I have a very strong feeling that the unified memory SoC model is going to be one that is going to be an enormous market in the future. For AMD and Intel, perhaps the challenge is that they have been looking at this market as a low-cost leadership segment for too long.
Some may find this a coincidence, but the March 17, 2025 date for the 512GB M3 Ultra model just happens to be the first day of NVIDIA GTC 2025.
Two of them with exo and thunderbolt connection and you have enough RAM to run all LLM with 16 bit.
How it works? Use this https://github.com/exo-explore/exo
You find many hints on X for Clustering Mac Mini M4.
Yes. I’d be interested in what AMD concocts with the desktop version of Strix Halo (although it is slated to be available in SFF desktops like the the HP Z2 G1a or the Framework desktop.
Deepseek r1 is sooo January. Qwen just released the QwQ-32B (not Preview) today and it matches or exceeds R1 at 32B: https://qwenlm.github.io/blog/qwq-32b/
TB5 networking is 64gpbs bidirectional, full duplex. The 120gbps marketing figure is one way downstream “bandwidth boost” mode when pushing multi monitor and it dynamically cuts bandwidth upstream to 40gbps in this mode. 120×40 is great for laptop docks, but networking is 64×64. 80×80 even still is 64×64 for data/networking/pcie. The other 12×12 is reserved for video. 64gbps is PCIe 4.0 x4, which is what TB5 essentially is.

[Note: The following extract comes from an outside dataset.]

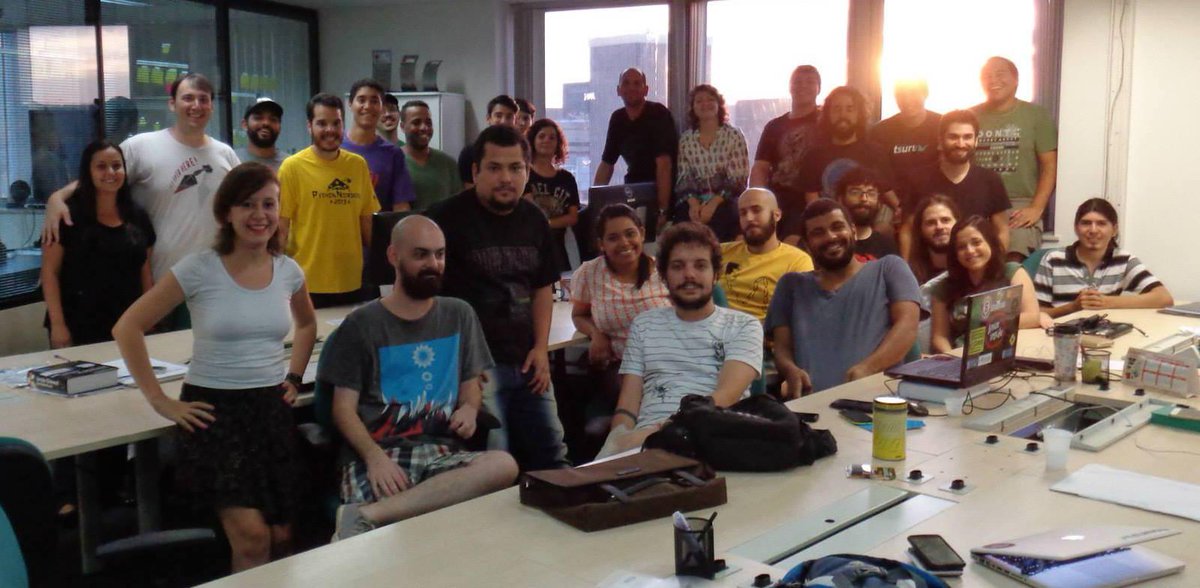 henriquebastos's tweet image. Pensa numa galera maneira… #pythonrio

For that price an M4 Ultra would be great, but with no UltraFusion connectors on the M4 Max chip it’s impossible to merge two fourth-generation chips to create an M4 Ultra.
with 2 VM limits ROTFL
Remember that running an LLM on 512GB will require 4x the bandwidth than running a model on 128GB to maintain iso token/s. So even if the M3 Ultra is impressive, so will your patience need to be when it comes to waiting for answers.

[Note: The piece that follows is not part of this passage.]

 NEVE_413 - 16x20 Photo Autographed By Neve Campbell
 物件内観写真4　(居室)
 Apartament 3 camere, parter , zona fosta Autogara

And then I simply don’t get the hype: All the models I’ve been able to run on my RTX 4090 have halucinated so badly, that they simply aren’t worth the bother.

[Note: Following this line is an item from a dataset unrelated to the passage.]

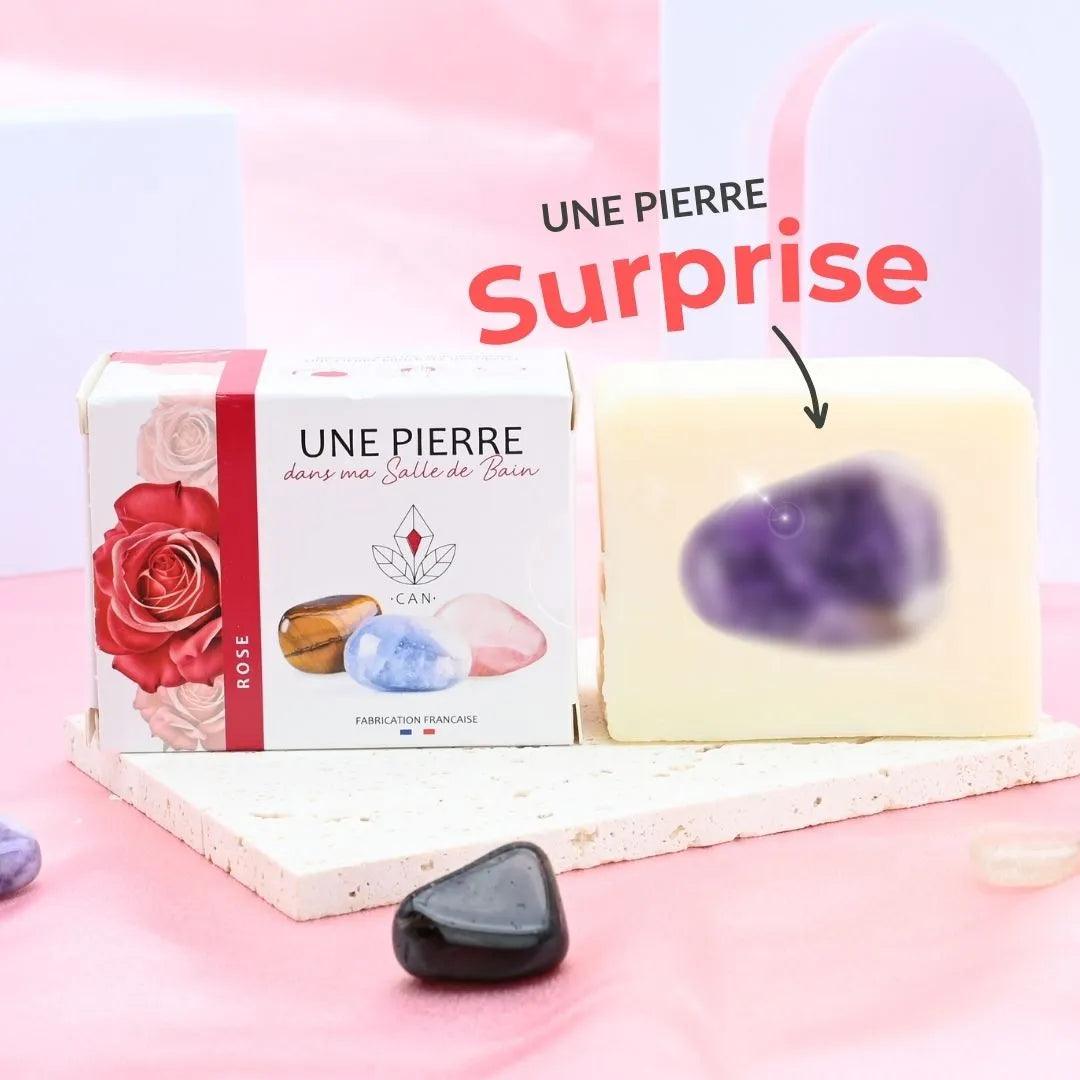 Savon surprise, parfum Rose - lespierresdubienetre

@Cliff Robinson: Thunderbolt 5 is not a protocol but rather, a multiplexing technology. It offers 80 Gbit/s bidirectional or 120 down / 40 up for USB and/or DisplayPort traffic only. Anything using PCIe tunneling, incl. IP networking, is constrained by the PCIe 4.0 x4 back-end, i.e. 64 Gbit/s, less if the other protocols are together already using more than 16 or 56 Gbit/s (depending on mode) of the available total in that direction.
@anufrejoval: Hallucination is a consequence of poor accuracy, i.e. insufficient parameters and/or excessive quantization, i.e. insufficient GDDR capacity on your 4090. A computer with a lot of DDR or LPDDR memory with high – but not extreme – bandwidth to the GPU / NPU cores lets you run a better model but at reduced speed. Maximum performance in both respects requires a large amount of very expensive HBM memory.
Btw: In practice, according to Alex Ziskind on his YouTube channel, only about 75% of the uniform memory bandwidth on an Apple system is actually available for the graphics cores. This can be tweaked but any more and the operating system running on the CPU cores may become unstable, YMMV.